Bourgeois also noted that the first reference to “laying out” and “laid out” he could find came in “The Golfers Handbook” by Robert Forgan, Jr. that was published in Edinburgh, Scotland in 1881. Forgan wrote of the Luffness Golf Links, “The green was laid out by veteran player Old Tom Morris, and at first it consisted of 17 holes for the round, but after a few years it was thought expedient to make 18 holes, which was done by laying out a short hole for an iron shot.”

So, the sum and substance of the research by others and me is that it appears that Colt was the first person to be referred to as a “golf course architect” and that the description appeared well before Charles Blair Macdonald began constructing the National Golf Links of America in 1907. So, why would Macdonald call himself the first? Another golf historian, Tom Paul, has a theory.

One of the first ads, if not the first, for a golf course architect was placed in the March 1911 issue of The American Golfer.

“Macdonald was saying NGLA was the first example of ‘golfing architecture’ he was aware of; therefore, it appears he felt he was doing something differently than anything that came before NGLA. Unfortunately, he did not say specifically what that difference might have been,” Paul wrote me in an email. “Logically it would seem it could’ve been he felt he was the first to comprehensively use pre-construction topo survey maps or he felt he was the first to essentially copy a number of famous holes and architectural principles from abroad (he called them ‘classical’)—or perhaps both together.”

Paul has a salient point. Up until the construction of the National, those who designed golf courses walked the land, found suitable green sites and designed a layout to utilize the natural features; earth moving was minimal, if at all. Often time, hazards were what existed on the land, although by the time construction on the National began, artificial hazards were not uncommon.

Paul also points out that beginning with NGLA, Macdonald always partnered with a surveyor, Seth Raynor, a practice no other architect boasted.

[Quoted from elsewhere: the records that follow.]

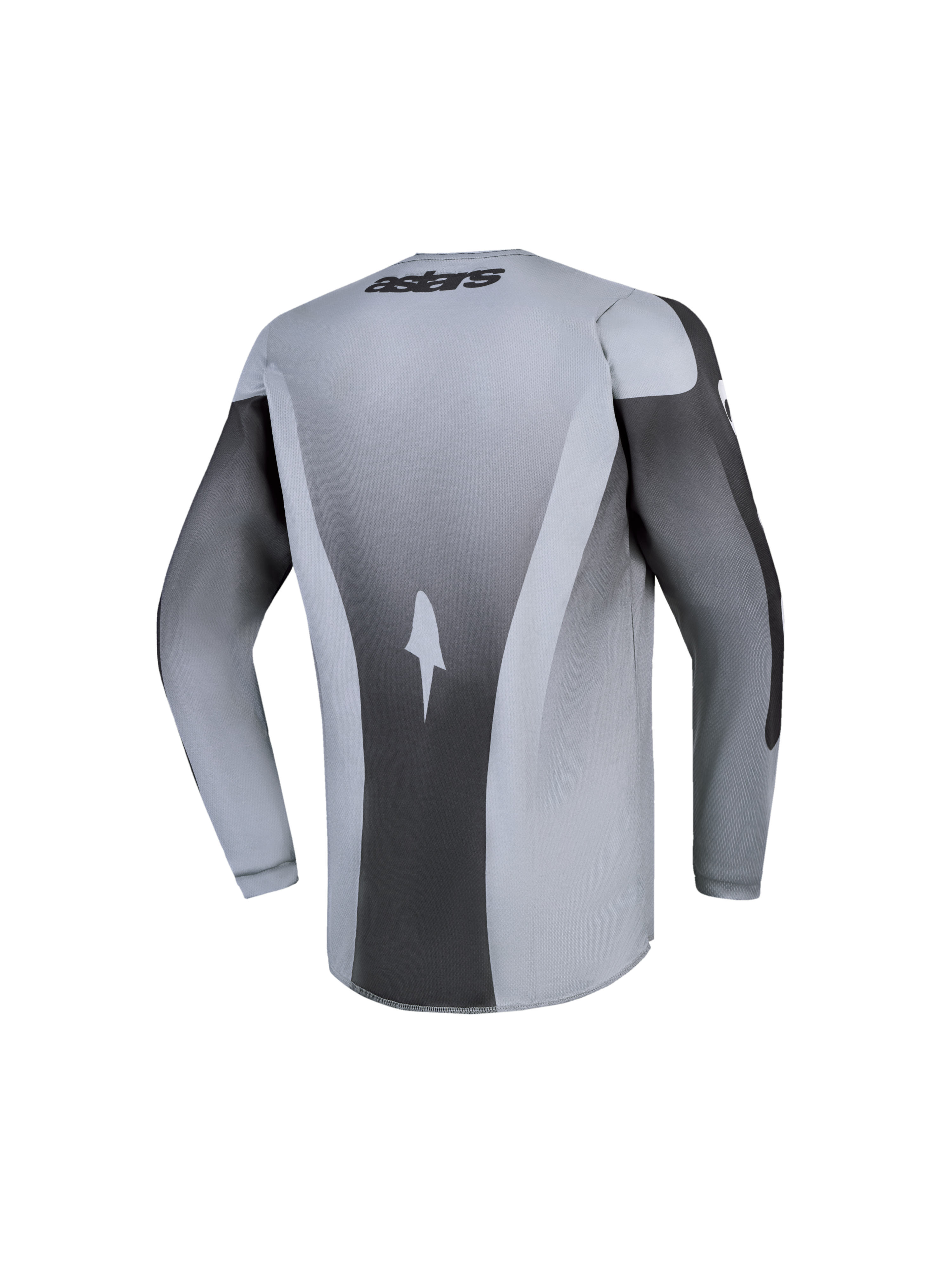 Alpinestars 2027 Youth Fluid Amber Jersey, back view of gray and black youth motocross jersey with moisture-wicking fabric.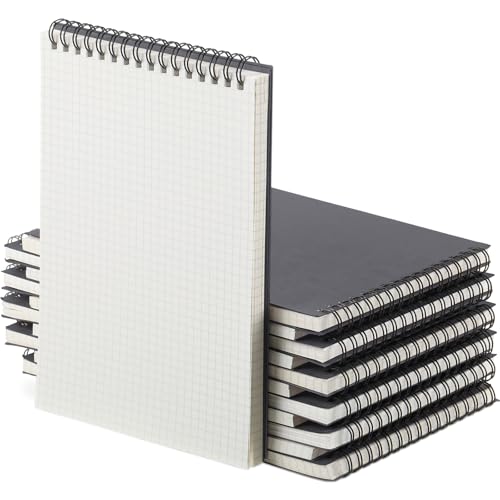 Engrowtic 6 Pack Graph Paper Spiral Notepad A5 Top Wirebound Notepad Grid Notebook Steno Pad Memo Notebook Grid Paper 140 Pages for Writing Sketching Drawing Office Supply (Dark Grey) - color: Dark Grey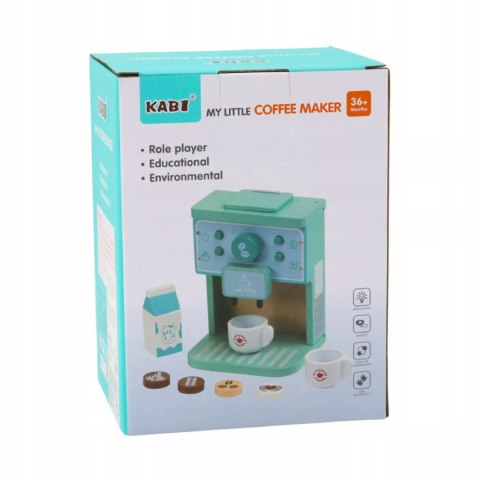Drewniany ekspres do kawy dla dzieci z akcesoriami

In his book, Scotland’s Gift, Macdonald wrote about the involved first few steps he took to finding the correct location for NGLA on the land he had purchased at the eastern end of Long Island.

“…Jim Whigham and myself, with kindly interest taken by Joseph P. Knapp, James A. Stillman, Devereux Emmet, Charles A. Sabin and others, forged ahead with the construction from the surveyors’ maps and the thirty or forty drawings which I had made myself abroad of different hole which I thought were worthwhile. These drawings were no necessarily copies of the particular hole from tee to the putting-green, but in some instances were of the outstanding features which I thought made the hole interesting and which might be adapted to a hole of different length. Two or three such features might be put in a hole which would make it more or less composite in its nature.”

The concept of a composite hole was most likely not in existence prior to the National and, it appears, no one else had moved so much earth to create holes the way Macdonald did. In that respect, Macdonald was the first. Whether or not that makes him the first “golf course architect” ultimately depends on how one defines, “golf course architect.” C.B. Macdonald, undoubtedly, would say he was the first. H.S. Colt would undoubtedly disagree.

(I have a suspicion that the search had not ended and I welcome any additional information that will aid my quest ~ A.P.)